Records from a data collection:
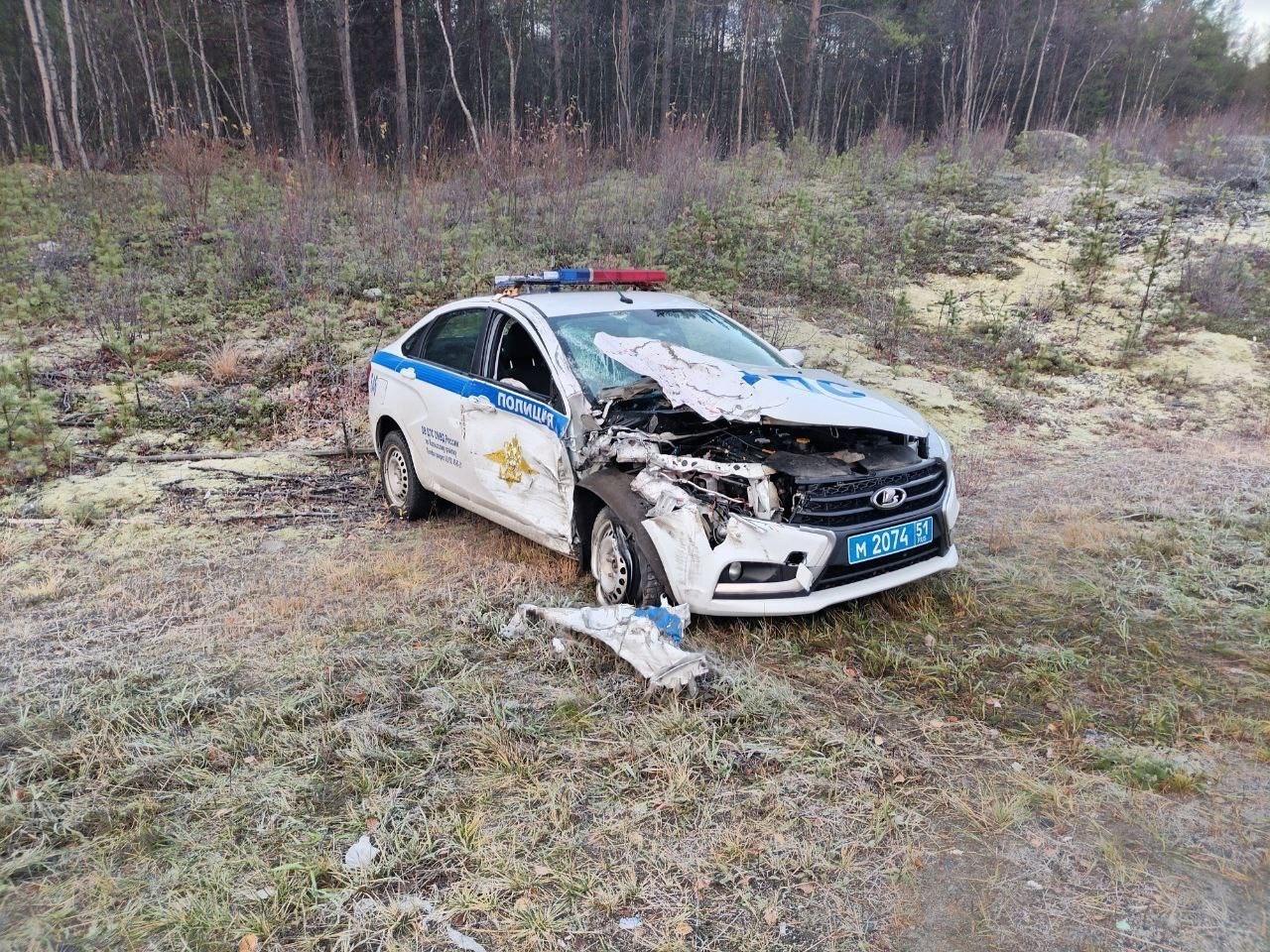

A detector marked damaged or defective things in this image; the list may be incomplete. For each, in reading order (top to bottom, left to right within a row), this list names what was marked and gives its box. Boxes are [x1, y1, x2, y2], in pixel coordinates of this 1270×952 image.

shattered windshield [548, 309, 786, 399]
crumpled hood [591, 331, 929, 438]
damaged police car [361, 268, 956, 619]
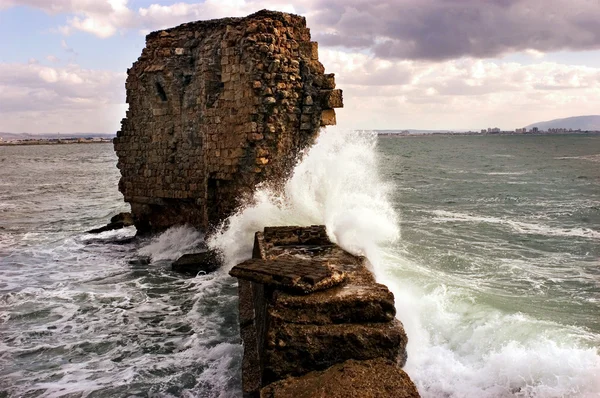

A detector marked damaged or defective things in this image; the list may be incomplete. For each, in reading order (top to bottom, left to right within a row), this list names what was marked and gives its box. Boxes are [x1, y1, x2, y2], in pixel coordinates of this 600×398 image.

broken stonework [115, 10, 342, 233]
broken stonework [227, 227, 414, 398]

▸ **Problem to work on**:
Could you transcribe all of the data exactly, keeping every picture out of the copy?

▸ **Reply**:
A detector marked damaged or defective things in this image; the list may be incomplete. For each, in reading order (top to bottom, left to right within a row), this list names what was marked and gives its box. Boxes are [x1, y1, x2, y2], in pixel coordinates of this 1270×952 image.

shattered windshield [548, 309, 786, 399]
crumpled hood [591, 331, 929, 438]
damaged police car [361, 268, 956, 619]

A detector marked damaged or defective things in this image; the list may be incomplete. For each, in reading order (top to bottom, left to right within a row), this list names what was marked and gives its box. Boxes are [x1, y1, x2, y2], in pixel coordinates of this 600×398 image.

broken stonework [115, 10, 342, 233]
broken stonework [227, 227, 414, 398]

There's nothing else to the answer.